So what you say? Well, these discoveries seem to come as a surprise, so how come we can be so definitive about mans effect on global warming?
Double-Sun Planet Discovered, à la 'Star Wars'
Detected by the National Aeronautics and Space Administration's $600 million Kepler space telescope, it is the first confirmed solar system of its kind, turning a Hollywood fantasy into an astronomical fact. Called Kepler-16b, the Saturn-size planet circles its twin stars in the constellation Cygnus about every 229 days, the researchers reported in Science.
"The reality goes beyond the imagination of the most creative theorist in astronomy or science fiction writer," said astrophysicist Fred Rasio at Northwestern University, who wasn't involved in the work. "Just about anything you could think of as a planetary system is actually out there."
The discovery capped a week of new findings about worlds beyond our own solar system.
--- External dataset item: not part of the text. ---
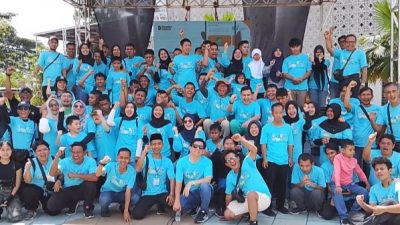 Rayakan Hari Disabilitas Internasional, Karunia Center Hadirkan Panggung Inklusi, Kreativitas Harus Mampu Meraih Sukses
All told, four research teams in Europe and the U.S. reported finding 74 previously unknown exoplanets, as worlds orbiting other stars are called, including 16 that appear to be only slightly larger than Earth and with gravity favorable to life as we know it.
One of them, with about 3.5 times Earth's mass, may be orbiting near its parent star's so-called habitable zone, in which water may be liquid and conditions possibly ripe for life, said astronomers at the European Southern Observatory, who announced the find earlier this week.
It was among a trove of 50 exoplanets they detected around nearby stars using a spectrograph called the High Accuracy Radial-velocity Planet Searcher (HARPS), based at the La Silla Observatory in Chile.
So far, for reasons ranging from toxicity to temperature extremes, none of the 683 confirmed exoplanets seem capable of harboring life. No one can say with certainty whether any habitable planets exist outside our solar system.
Even so, the cascade of finds offers growing evidence that alien worlds may outnumber the stars themselves.
The HARPS team, led by Michel Mayor from the University of Geneva in Switzerland, estimated that about 40% of all stars like the Sun have at least one planet of Saturn's size or smaller. So far, the Kepler mission scientists have found more than 170 star systems in which two, three, four, five or even six planets all orbit one star.
"The universe is teeming with planetary systems of multiple planets, many of which are nearly the size of Earth," said plant-hunting pioneer Geoffrey Marcy at the University of California in Berkeley.
Among the other unearthly wonders discovered in recent months are an exoplanet blacker than coal and a world stripped to a diamond-like core. A third newly found exoplanet is blasted by its parent star with X-ray bursts so fierce that the radiation is eroding the planet's surface at a rate of five million tons a second.
Stranger still, a star survey of the Milky Way by astronomers in Japan and New Zealand earlier this year discovered a new class of Jupiter-size planets that float free of any star at all, swimming about on their own in the dark. They estimated that there may be twice as many of these orphan planets as stars.
Earlier this week, British astronomers in the Wide Angle Search for Planets (WASP) project announced they had found 23 giant, hot exoplanets, each about the size of Jupiter and, no doubt, with crushing gravity. These exotic worlds circle their stars so closely that they complete an entire obit about every five to eight days, the researchers said.
The WASP group monitors 10 million stars for signs of exoplanets by taking images of the night sky every 10 minutes with an array of cameras in South Africa and in the Canary islands. Their research, which hasn't yet been published, was discussed at the Extreme Solar Systems conference this week in Jackson Hole, Wyo.
"We are finding planetary systems which are very different from our own," said astrophysicist Coel Heiler at the U.K.'s Keele University, whose group runs the WASP search in the Southern Hemisphere.